- **ASSIGNMENT**
All lines with the word "people" in the material below are required.

Start of GIVEN DATA

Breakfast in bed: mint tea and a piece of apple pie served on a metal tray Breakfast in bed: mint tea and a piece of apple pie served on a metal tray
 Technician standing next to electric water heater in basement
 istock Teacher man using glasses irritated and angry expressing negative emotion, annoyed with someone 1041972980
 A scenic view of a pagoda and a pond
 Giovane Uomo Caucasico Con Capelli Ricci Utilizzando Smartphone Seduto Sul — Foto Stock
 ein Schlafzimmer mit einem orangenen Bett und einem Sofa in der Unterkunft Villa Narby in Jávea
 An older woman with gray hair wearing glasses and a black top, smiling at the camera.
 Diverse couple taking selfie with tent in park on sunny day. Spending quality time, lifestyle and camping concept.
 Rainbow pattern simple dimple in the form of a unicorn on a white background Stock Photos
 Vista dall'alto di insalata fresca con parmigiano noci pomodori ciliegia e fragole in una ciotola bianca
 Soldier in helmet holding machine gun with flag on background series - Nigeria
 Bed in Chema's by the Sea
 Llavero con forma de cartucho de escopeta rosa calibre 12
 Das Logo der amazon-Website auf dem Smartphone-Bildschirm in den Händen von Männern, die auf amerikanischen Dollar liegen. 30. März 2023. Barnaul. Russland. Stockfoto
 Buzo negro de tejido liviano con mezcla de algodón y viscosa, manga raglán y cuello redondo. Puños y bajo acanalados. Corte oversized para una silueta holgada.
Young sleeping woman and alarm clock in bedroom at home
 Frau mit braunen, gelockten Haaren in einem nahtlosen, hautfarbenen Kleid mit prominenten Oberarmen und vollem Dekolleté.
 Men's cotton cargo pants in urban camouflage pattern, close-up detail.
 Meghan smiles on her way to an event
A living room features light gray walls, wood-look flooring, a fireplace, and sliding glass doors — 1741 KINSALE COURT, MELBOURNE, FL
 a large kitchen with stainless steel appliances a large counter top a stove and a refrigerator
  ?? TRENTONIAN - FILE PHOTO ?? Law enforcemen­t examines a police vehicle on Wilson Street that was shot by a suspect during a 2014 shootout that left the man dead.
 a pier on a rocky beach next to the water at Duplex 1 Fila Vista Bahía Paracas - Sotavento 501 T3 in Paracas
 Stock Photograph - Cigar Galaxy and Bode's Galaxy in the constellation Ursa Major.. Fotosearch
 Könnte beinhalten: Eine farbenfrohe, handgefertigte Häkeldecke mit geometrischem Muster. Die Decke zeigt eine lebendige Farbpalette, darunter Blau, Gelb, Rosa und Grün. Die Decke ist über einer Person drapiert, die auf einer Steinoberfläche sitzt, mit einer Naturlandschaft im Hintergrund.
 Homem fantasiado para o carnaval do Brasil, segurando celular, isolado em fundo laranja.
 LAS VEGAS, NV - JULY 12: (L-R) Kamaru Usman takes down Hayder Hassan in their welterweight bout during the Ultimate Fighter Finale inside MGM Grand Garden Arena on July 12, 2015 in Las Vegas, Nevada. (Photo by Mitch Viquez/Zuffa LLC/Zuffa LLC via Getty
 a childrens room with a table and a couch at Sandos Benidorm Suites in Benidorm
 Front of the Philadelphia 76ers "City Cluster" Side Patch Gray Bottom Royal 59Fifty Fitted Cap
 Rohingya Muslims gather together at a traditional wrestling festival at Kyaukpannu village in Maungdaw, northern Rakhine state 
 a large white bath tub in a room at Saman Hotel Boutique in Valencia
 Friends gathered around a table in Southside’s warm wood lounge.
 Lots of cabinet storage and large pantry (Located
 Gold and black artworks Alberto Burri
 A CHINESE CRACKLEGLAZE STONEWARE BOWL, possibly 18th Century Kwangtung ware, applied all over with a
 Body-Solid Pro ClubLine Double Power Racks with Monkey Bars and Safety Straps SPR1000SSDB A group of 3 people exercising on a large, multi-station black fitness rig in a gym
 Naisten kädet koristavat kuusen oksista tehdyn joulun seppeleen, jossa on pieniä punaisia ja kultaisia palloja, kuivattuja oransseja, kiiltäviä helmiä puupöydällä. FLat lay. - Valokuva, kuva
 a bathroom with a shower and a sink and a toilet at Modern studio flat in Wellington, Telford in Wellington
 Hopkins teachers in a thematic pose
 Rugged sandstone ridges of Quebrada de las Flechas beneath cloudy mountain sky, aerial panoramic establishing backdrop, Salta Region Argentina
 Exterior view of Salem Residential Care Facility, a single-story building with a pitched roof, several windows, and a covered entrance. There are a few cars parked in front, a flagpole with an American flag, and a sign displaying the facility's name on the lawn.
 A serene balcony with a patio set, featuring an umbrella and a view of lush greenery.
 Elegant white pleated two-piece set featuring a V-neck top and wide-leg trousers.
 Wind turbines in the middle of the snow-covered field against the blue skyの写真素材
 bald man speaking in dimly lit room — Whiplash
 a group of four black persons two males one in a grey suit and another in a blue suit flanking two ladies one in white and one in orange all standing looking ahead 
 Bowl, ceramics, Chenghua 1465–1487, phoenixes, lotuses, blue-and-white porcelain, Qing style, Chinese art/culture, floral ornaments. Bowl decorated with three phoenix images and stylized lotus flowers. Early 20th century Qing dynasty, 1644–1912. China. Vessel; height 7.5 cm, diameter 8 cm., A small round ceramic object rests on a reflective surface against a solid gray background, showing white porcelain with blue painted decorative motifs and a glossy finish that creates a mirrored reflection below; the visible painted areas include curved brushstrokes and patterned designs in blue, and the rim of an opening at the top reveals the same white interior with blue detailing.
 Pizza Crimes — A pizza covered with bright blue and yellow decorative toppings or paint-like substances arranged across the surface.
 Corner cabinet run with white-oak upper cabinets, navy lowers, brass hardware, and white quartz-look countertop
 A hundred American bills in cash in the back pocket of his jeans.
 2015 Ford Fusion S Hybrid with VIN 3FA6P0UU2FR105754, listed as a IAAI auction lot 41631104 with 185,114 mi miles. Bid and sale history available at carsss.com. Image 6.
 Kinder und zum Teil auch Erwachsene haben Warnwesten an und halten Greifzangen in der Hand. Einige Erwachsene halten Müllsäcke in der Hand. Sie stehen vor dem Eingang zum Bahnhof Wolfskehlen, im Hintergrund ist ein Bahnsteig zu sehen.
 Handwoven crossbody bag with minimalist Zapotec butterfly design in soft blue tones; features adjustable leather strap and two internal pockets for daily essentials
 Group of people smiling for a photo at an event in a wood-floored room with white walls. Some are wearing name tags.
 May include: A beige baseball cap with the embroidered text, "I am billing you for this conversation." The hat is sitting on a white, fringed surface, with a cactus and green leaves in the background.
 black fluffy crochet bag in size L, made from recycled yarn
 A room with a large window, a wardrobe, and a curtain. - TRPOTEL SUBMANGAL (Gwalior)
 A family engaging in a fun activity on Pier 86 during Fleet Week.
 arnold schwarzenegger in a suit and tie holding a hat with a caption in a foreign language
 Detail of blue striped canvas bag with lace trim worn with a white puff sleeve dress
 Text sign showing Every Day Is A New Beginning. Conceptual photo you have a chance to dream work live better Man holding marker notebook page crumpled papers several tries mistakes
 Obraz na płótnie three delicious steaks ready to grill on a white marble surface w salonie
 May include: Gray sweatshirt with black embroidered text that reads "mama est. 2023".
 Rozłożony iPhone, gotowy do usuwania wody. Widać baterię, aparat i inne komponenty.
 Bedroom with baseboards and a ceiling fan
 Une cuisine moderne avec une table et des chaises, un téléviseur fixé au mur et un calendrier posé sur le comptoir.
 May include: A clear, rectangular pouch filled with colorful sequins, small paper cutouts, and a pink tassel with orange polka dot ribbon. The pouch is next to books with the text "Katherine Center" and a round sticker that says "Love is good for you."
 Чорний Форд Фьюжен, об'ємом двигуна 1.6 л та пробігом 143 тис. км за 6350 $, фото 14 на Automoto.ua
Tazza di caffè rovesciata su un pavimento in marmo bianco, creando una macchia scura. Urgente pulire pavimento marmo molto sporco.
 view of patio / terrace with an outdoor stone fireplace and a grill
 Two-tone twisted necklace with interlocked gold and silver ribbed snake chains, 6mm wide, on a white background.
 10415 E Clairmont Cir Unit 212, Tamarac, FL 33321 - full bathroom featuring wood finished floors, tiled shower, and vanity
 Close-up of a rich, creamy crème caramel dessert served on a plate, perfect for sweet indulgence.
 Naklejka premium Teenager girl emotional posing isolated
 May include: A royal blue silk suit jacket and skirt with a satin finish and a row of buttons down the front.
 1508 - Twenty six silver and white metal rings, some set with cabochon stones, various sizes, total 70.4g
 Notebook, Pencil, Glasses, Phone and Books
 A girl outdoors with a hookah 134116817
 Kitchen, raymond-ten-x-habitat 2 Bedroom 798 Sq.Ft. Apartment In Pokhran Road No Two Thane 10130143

End of GIVEN DATA

- **ANSWER TO THE EXERCISE**
 Body-Solid Pro ClubLine Double Power Racks with Monkey Bars and Safety Straps SPR1000SSDB A group of 3 people exercising on a large, multi-station black fitness rig in a gym
 Group of people smiling for a photo at an event in a wood-floored room with white walls. Some are wearing name tags.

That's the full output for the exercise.